The root servers have names like A.ROOT_SERVERS.NET, B.ROOT_SERVERS.NET, and so on.
...
DNS Query types
There are two ways queries are done via DNS: iterative resolution and recursive resolution.
Iterative resolution
With iterative resolution, a DNS server returns either an answer or a referral to another DNS
server.
A referral is a message that tells you about a DNS server at a lower level in the domain
hierarchy. The DNS client must process these referrals by submitting queries to those
servers.
The advantage of iterative resolution is that each component is stateless. It either has an
answer, provides a referral, or it fails the query.
Recursive resolution
Recursive name resolution isn’t a great name because we’re not really using recursion.
Recursive resolution means that a name server is willing to take on the responsibility of fully
resolving the name so the client doesn’t have to deal with referrals. Basically, it does a
sequence of iterative resolutions until it finds a name server that gives it the answer or it
gives up if it’s unable to find one.
The DNS server never sends back referrals to the client that made the request. Instead, it will
query all the needed DNS servers to find the domain name, handle the referrals itself, and
then return either the answer or a failure to the client that made the query.
The good part about recursive resolution is that the client doesn’t need to deal with referrals
and DNS servers can cache all the intermediate results they discovered to make query
resolution quicker in the future.
While recursive resolution makes life easier for the process that is making the request, the
disadvantage of this approach is that the name server has more work to do.
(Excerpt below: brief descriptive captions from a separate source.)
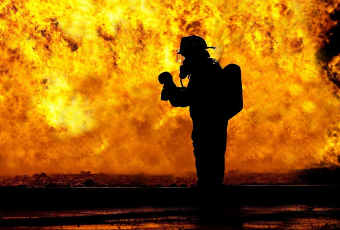 Silhouette of a firefighter in front of a blaze
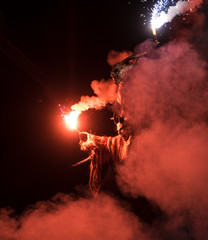 Krampus with fire and red smoke at traditional public show Krampuslauf in Kaprun, Salzburg, Austria.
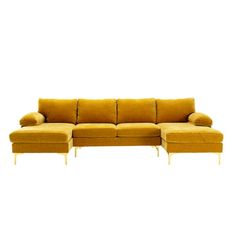 a yellow sectional sofa with chaise lounge and footstool in front of a white background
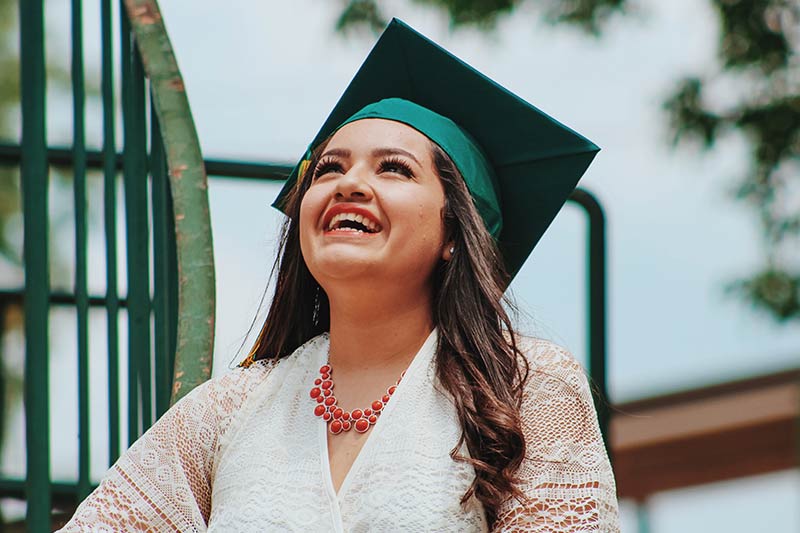 Imagen de una estudiante recién graduada, sonriendo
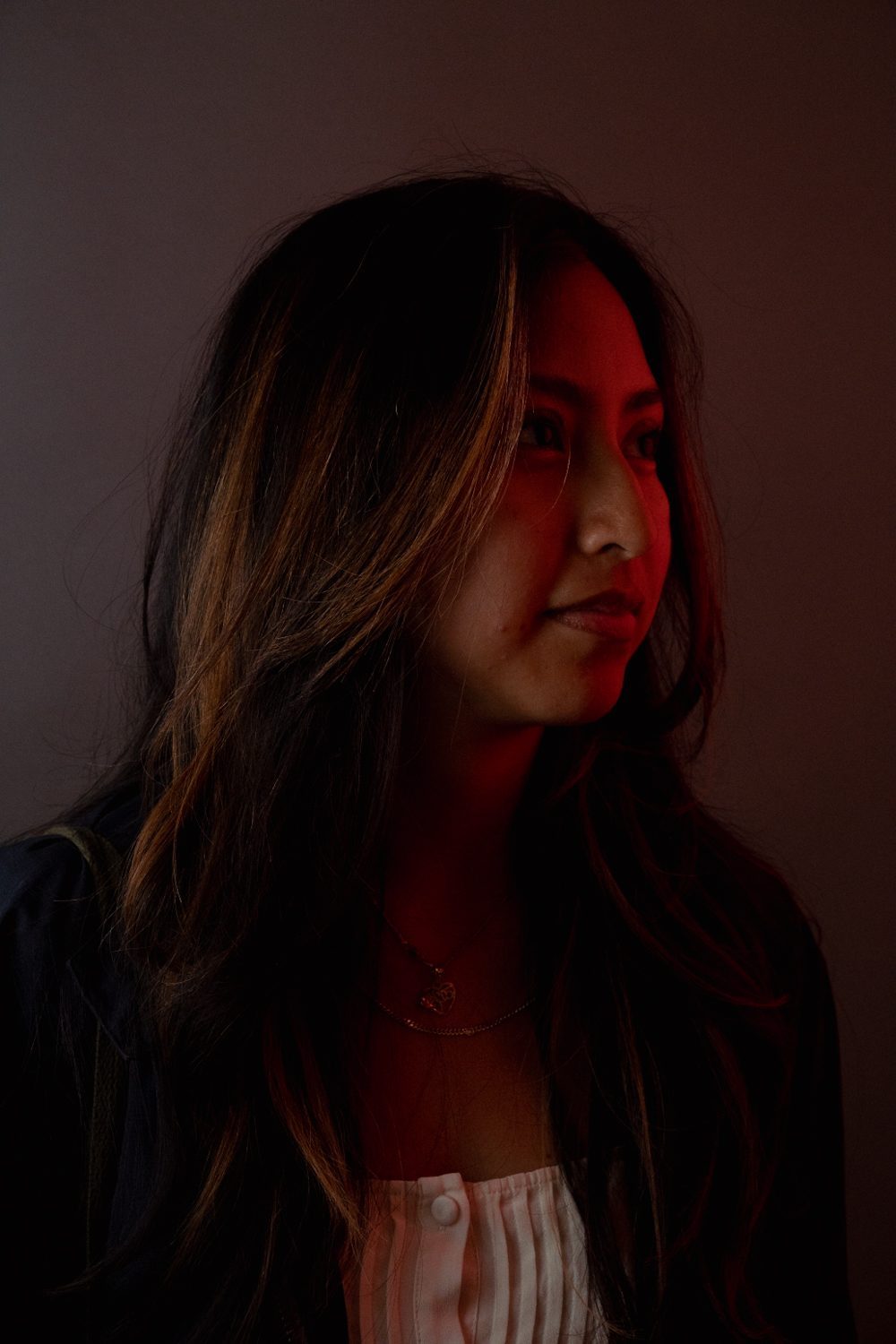 Studio portrait lit with a red gel, subject with long dark hair looking off camera.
It may have to
issue multiple queries and process responses to resolve the domain name, maintaining the
context of the query until the response is sent.
Top-level DNS servers only handle only iterative queries. They want to remain stateless,
handle simple local lookups, and be able to support a heavy query volume with minimal
effort.
Resolvers in action
Most computers run a service called a DNS stub resolver. This is a mini DNS server that
stores and checks cached lookups so that the computer does not have to waste time
contacting a remote service each time it needs to find the address of google.com or any other
frequently accessed domains. Prior to issuing a remote query, the stub resolver also checks a
local hosts file (hosts.txt on Windows systems) to see if there are any pre-configured name-to-
address mappings.
If an answer cannot be found in the cache or in the hosts file, the stub resolver then contacts a
DNS server, often one provided by the ISP or a public DNS server such Cloudflare (1.1.1.1),
Google Public DNS (8.8.8.8), Quad9 (9.9.9.9), OpenDNS (208.67.222.222) or one of several
other free DNS services.